Some version of legislation like this has been introduced three times since 2006 but has failed to pass the Legislature and governor’s desk.
However, this year’s state government apparatus is now controlled by a more obviously radicalized flavor of representatives so the odds of it passing seem much better. It’s especially true because this effort to essentially do away with the Electoral College as a method of electing a president is right in line with the goals set forth by the new Democratic Party majority in Congress.
In fact, immediately after taking over as the controlling party in the House of Representatives, Democrats introduced House Resolution 1 which indicates their No. 1 priority doesn’t seem to be health care, immigration or much of anything else that they talk about but instead is various methods to ensure that reliably Democrat-controlled voting strongholds carry national elections.

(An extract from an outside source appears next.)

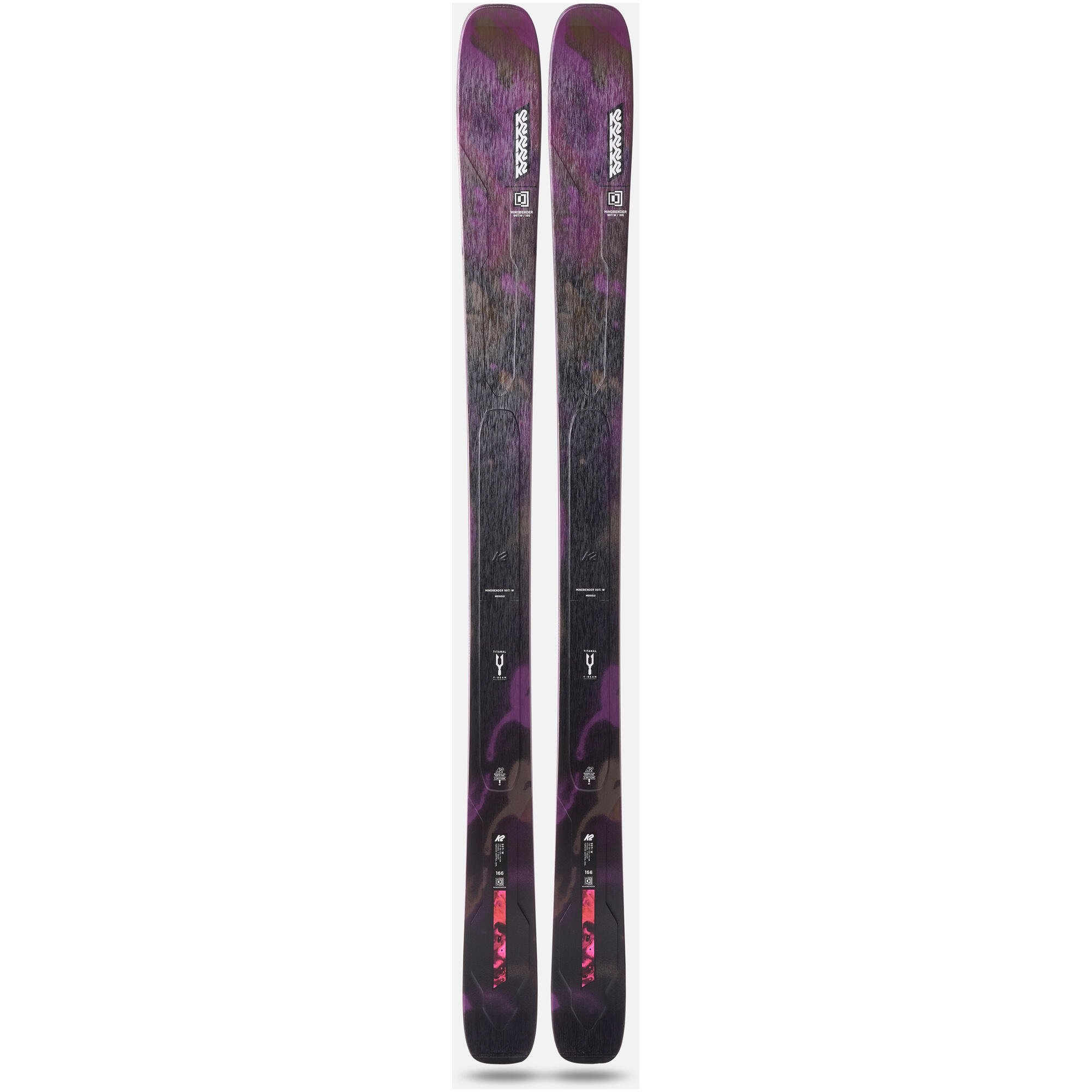 Narty damskie K2 MINDBENDER 99TI W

Incapacitating the Electoral College is only one of the ideas in the resolution.
Each state is awarded one electoral vote for each congressional district and senator with the thought that a candidate running for national office would not merely have to campaign in a few heavily populated areas and appeal to the voters in those jurisdictions at the expense of everyone else.

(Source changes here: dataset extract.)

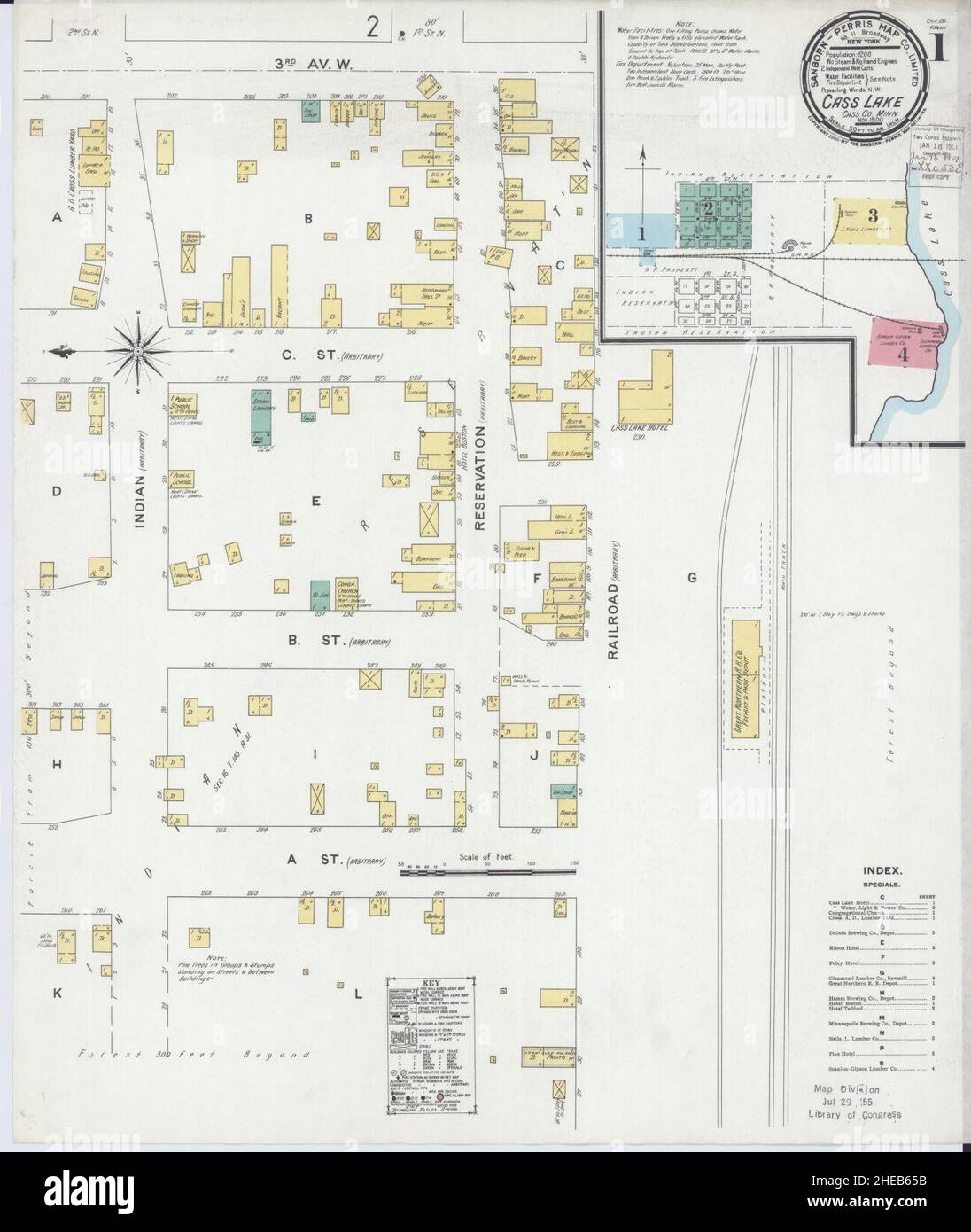 Map Of Cass Lake MN - Maps And Directions For Cass Lake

Instead, a candidate in a winner take all system of electoral votes, based on winning the populations vote in each state, could cobble together a winning platform with just some of the more urban states populations and a number of the more rural or less densely populated states whose priorities are often not the same as those of metropolitan dominated regions.
It also protected the smaller states from subjugation to faraway cities, where a candidate could appeal to the whims of small geographical but high population areas in a way that could disadvantage or even harm larger but less populated parts of the country.
Candidates would no longer be particularly interested in what happened in states like Colorado, Wyoming, Montana, New Mexico, Utah and so forth when they could simply visit a few large coastal cities, promise them resources and benefits that might disadvantage other parts of the country and carry an election by purely popular vote.
Such a move is often justified by implying it ensures each vote is worth the same but obviously that’s not correct — what it really means is certain places are much more important than others.
If sponsors of such legislation truly believe that all votes should have exactly equal value in regard to representation, then we would not have the state of Delaware and the state of California with the same number of senators, as a vote for a candidate for United States Senate in one state carries much more weight than one in the other.
Anyone who claims to represent the interest of Colorado voters in a change to such a system as this legislation anticipates, is either deluded or devious.